Task statement — Scan the records for the string "Notorious" and copy every line that holds it.

(Saved data entries)
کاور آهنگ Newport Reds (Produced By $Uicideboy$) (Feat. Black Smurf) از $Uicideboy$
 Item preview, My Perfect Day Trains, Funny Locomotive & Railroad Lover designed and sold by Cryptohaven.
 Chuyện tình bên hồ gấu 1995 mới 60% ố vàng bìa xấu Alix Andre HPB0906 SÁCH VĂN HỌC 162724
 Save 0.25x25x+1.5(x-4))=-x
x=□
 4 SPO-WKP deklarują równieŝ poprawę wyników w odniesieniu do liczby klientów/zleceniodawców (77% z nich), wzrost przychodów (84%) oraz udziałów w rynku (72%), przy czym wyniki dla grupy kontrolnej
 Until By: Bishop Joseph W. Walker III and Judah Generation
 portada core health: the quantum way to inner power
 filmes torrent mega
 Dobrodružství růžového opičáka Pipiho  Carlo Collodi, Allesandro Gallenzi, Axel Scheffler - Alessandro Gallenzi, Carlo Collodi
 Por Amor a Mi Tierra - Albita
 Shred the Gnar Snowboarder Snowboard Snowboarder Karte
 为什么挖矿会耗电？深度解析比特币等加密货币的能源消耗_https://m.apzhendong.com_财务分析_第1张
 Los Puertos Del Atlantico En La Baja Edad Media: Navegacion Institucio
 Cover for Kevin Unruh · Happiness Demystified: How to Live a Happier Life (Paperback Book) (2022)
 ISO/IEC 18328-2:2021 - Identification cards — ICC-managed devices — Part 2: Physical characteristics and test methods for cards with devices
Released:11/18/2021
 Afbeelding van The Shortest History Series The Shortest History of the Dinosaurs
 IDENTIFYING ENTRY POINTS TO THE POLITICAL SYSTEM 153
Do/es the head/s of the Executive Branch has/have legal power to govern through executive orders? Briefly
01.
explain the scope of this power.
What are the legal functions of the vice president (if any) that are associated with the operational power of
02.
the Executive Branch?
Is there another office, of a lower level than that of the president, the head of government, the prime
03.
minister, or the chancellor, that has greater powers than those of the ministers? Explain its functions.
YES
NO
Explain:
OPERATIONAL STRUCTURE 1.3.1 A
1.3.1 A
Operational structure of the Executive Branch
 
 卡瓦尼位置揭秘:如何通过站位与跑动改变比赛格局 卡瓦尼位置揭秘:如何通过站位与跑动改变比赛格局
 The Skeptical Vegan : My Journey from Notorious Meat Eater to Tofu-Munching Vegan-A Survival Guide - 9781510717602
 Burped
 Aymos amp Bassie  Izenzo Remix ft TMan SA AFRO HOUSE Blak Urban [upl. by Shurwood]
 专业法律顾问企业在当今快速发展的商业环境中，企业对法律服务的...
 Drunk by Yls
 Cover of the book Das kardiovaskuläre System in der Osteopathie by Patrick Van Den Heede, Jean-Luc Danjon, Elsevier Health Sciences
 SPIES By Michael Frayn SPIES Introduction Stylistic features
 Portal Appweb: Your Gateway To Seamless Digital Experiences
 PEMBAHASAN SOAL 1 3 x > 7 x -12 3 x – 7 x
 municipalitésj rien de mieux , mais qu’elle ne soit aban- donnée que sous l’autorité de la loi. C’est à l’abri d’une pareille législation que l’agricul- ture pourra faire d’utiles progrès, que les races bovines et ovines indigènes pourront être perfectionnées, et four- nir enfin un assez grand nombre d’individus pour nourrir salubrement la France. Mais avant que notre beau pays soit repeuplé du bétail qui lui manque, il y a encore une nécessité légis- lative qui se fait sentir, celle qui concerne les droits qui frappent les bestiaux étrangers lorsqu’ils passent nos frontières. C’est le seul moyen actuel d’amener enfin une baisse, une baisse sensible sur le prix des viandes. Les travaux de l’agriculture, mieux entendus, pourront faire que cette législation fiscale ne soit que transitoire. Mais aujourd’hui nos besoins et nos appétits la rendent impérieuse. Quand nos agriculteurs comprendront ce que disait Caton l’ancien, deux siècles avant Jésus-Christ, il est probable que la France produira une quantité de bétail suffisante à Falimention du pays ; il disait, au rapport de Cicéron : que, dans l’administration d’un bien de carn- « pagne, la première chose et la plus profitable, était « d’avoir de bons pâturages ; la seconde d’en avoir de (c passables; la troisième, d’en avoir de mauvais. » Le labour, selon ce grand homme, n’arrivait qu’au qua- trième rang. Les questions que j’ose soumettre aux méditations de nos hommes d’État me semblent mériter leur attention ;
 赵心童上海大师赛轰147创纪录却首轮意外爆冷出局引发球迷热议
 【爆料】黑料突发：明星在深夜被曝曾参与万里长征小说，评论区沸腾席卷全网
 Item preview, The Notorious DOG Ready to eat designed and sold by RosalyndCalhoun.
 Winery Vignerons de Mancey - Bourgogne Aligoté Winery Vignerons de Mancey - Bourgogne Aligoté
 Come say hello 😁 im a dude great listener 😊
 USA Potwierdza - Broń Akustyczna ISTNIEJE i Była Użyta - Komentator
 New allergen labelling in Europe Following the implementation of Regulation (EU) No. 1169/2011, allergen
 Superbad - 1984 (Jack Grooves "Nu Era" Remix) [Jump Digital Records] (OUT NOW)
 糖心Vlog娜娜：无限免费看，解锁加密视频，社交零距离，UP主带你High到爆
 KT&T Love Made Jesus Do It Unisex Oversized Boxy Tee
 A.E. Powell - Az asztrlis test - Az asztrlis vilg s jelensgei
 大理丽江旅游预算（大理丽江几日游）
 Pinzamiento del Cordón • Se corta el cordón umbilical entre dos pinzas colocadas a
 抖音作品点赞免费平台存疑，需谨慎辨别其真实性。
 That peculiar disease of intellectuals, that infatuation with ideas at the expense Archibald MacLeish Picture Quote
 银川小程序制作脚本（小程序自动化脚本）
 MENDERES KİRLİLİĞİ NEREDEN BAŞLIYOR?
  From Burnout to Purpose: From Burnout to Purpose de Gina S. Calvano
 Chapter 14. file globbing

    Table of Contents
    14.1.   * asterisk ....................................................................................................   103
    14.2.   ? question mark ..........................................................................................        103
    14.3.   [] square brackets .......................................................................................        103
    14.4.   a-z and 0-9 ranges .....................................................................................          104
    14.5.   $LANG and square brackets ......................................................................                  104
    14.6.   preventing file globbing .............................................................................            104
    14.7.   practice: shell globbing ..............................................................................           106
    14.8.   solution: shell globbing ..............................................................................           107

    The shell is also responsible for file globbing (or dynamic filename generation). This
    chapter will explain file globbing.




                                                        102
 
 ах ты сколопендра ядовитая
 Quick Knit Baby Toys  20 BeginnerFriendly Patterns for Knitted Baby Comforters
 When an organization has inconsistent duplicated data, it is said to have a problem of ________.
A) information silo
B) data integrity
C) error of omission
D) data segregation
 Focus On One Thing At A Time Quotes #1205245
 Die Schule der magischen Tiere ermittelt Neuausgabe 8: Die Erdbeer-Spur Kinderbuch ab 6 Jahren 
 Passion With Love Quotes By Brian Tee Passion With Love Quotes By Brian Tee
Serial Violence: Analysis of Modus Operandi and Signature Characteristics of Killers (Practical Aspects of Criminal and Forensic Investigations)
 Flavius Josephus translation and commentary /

Response area —
 The Skeptical Vegan : My Journey from Notorious Meat Eater to Tofu-Munching Vegan-A Survival Guide - 9781510717602
 Item preview, The Notorious DOG Ready to eat designed and sold by RosalyndCalhoun.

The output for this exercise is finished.